I would like to compute the sum of energy of the following case: Two solids are turning (disks). Yellow solid is turning at $w_1$ radians per second around its center of gravity and blue solid is turning at $w_2$ radians per second around its center of gravity (red point). Yellow solid is forced to be outside radius due to centrifugal forces. Yellow solid has no axis of rotation. Grey solid force yellow solid to turn at $w_2$ around red point too. Greys walls are building for have a torque from yellow solid to grey solid, even this torque exist just one moment. Blue solid and grey solid are glue together and grey solid has no mass. The yellow solid has a mass $M$ and a radius $r$. Inertia of yellow solid around its center of gravity is $I_1$. Inertia of blue solid around its center of gravity is $I_2$. Force $F_1$ must be different in value than $F_2$.

$\text{Energy of blue disk} = \frac12 \, I_2 \, {w_2}^2$

$\text{Energy of yellow disk around red point} = \frac12 M (w_2\,d)^2$

$\text{Energy of yellow disk around its center of gravity} = \frac12 I_1\,(w_2+w_1)^2$

So the sum of energy is:

$E = \frac12 I_2 \, {w_2}^2 + \frac12 \, M \, (w_2 \, d)^2 + \frac12 I_1 (w_2+w_1)^2 + \text{energy from friction}$

Like that it's seems the sum of energy is not constant. Because $\frac12Md^2 >> \frac12I_1$ and without take in account the energy from friction. If $w_1$ decrease $w_2$ increase. The second of Newton says $T=I\alpha$, new $w_1$ give $w_1=w_1+\alpha t$ and new $w_2$ give $w_2=w_2+\alpha t$, it's linear. But the formula of energy is a square function. When yellow disk lost $w_1$ it win $w_2$.

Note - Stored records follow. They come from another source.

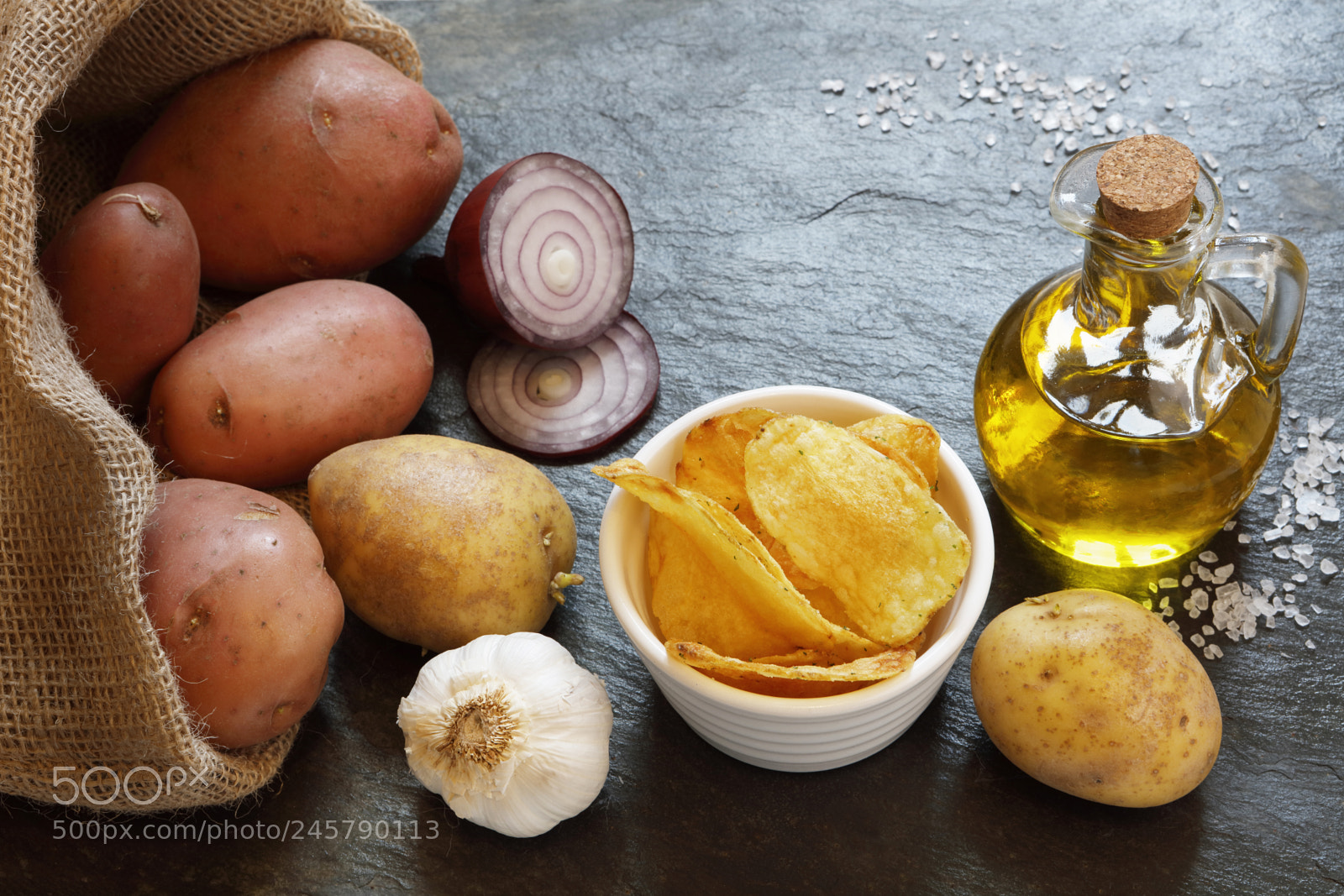 Canon EOS 5DS R sample photo. Potatoes on slate table photography
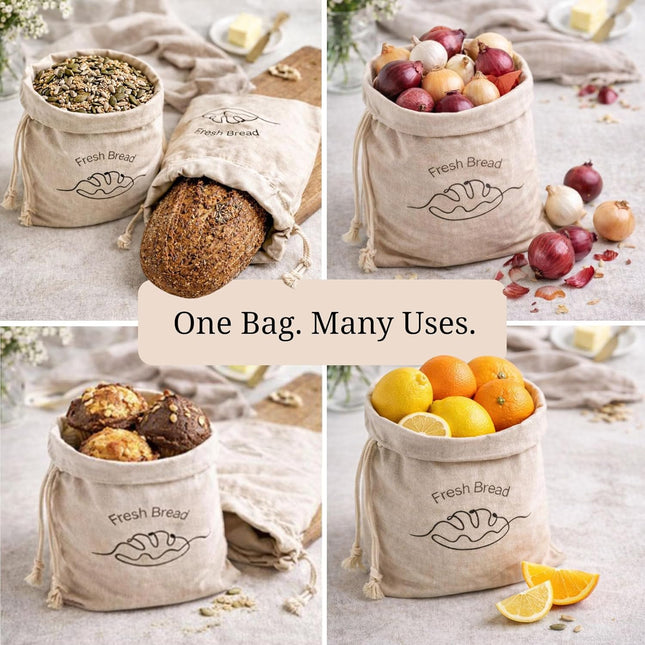 Simply H&K Linen Bread Bags [Pack of 3] with Inner Lining - Keeps Homemade Bread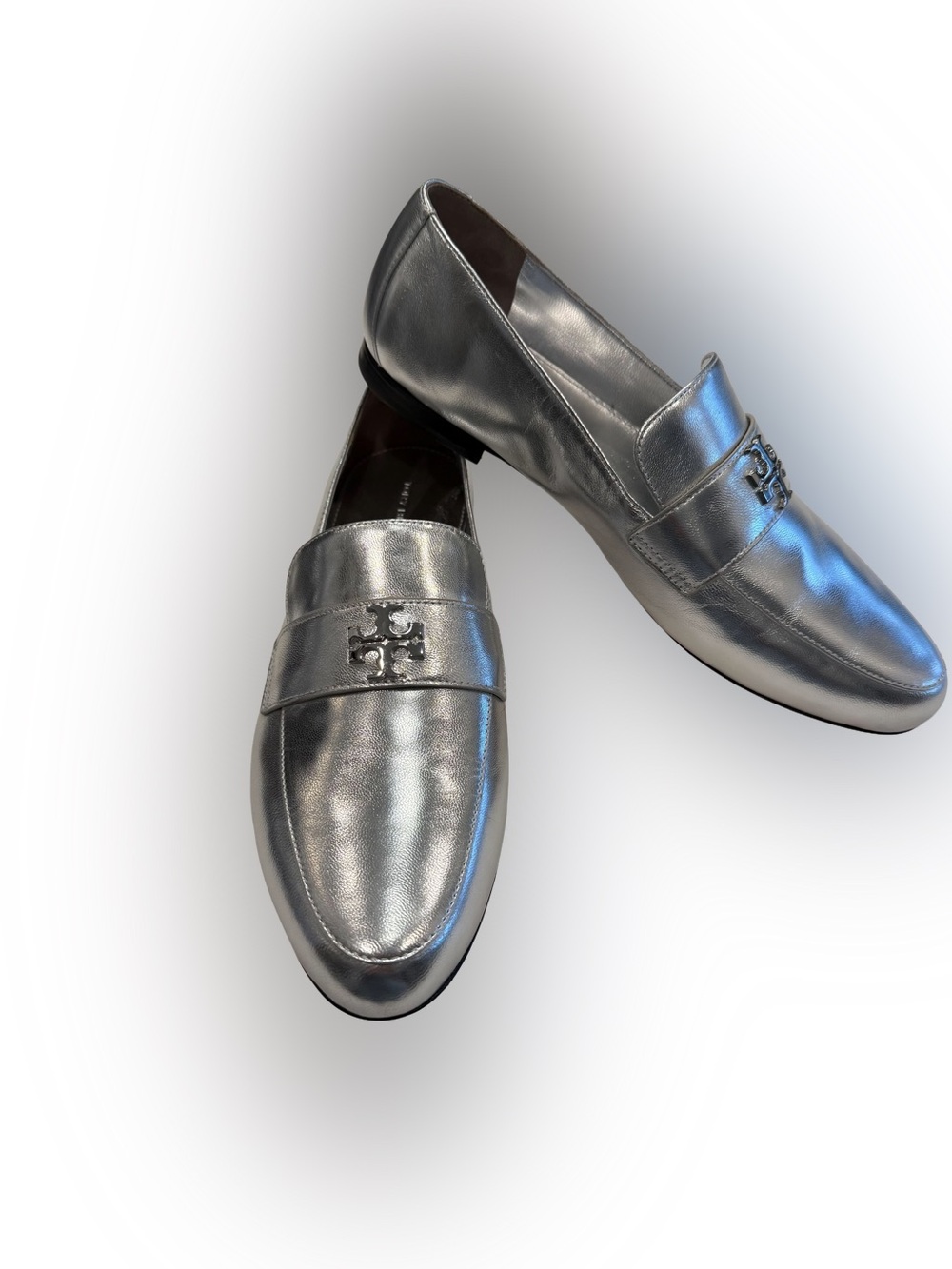 Tory Burch Women’s Every Loafers Silver Metallic Sz 8.5 NIB Ret $398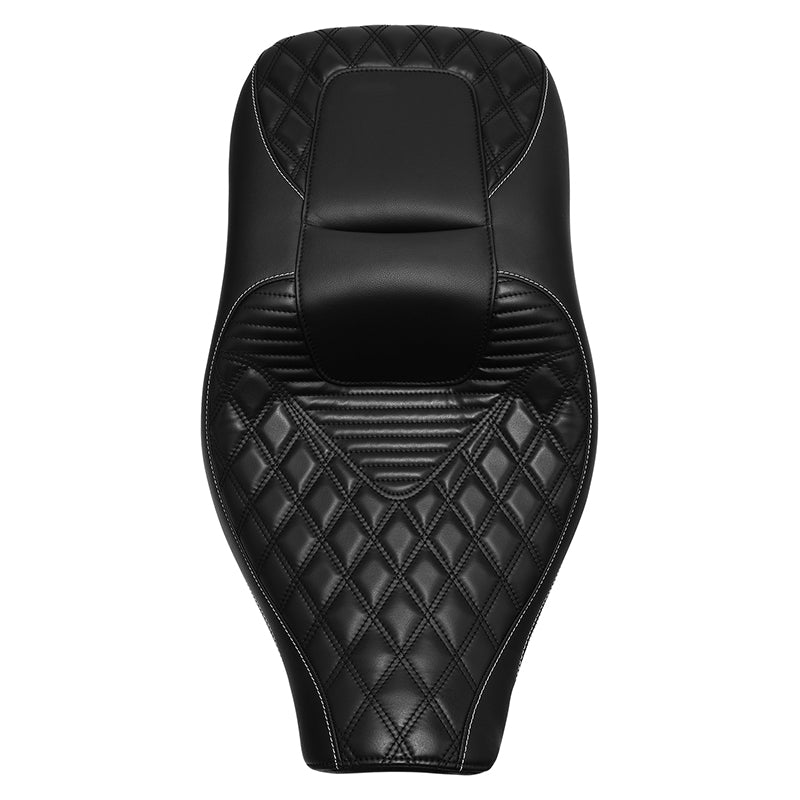 C.C. Rider BMW R18B R18 Transcontinental One Piece Seat Rider Passenger Seat Pillion Cushion Black White Lattice Stitching, 2020-2024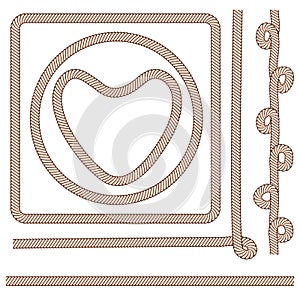 Set of frame with rope on white, stock vector illustration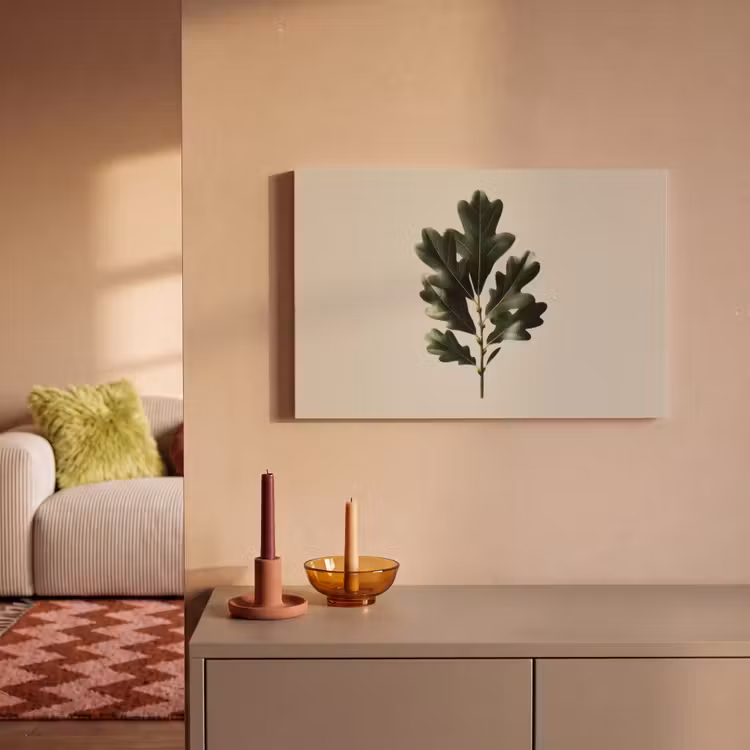 Eikenbladeren - Beige - Groen - Golvende randen canvas 2cm klein -sfeer1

So, how can I do for compute the sum of energy exactly, please ?

I don't know if it's visible but $F_1$ in the last image goes to the center of rotation of the blue disk. It's important to notice that forces can be like that: If forces goes to center of rotation of blue disk, there is no torque on it, so no work too. In the contrary, torque on yellow disk can change the energy of yellow disk. For the same work from friction I think. So, maybe these forces can't exist like that, so why ?

• The energy from friction? – Robin Hartland Jun 4 '16 at 0:44
• Friction always removes energy. – John Alexiou Sep 5 '16 at 1:41

1. The normal forces corresponding to the friction forces $F_1$ and $F_2$. Specifically $F_1$ as the velocity is not perpendicular to the force, so it can be used to do work transferring energy from one disk to the other.
3. It looks like you are using $\alpha$ for both the angular acceleration of the blue disk and the angular acceleration of the yellow disk, even though they are not equal. The same applies for the torque.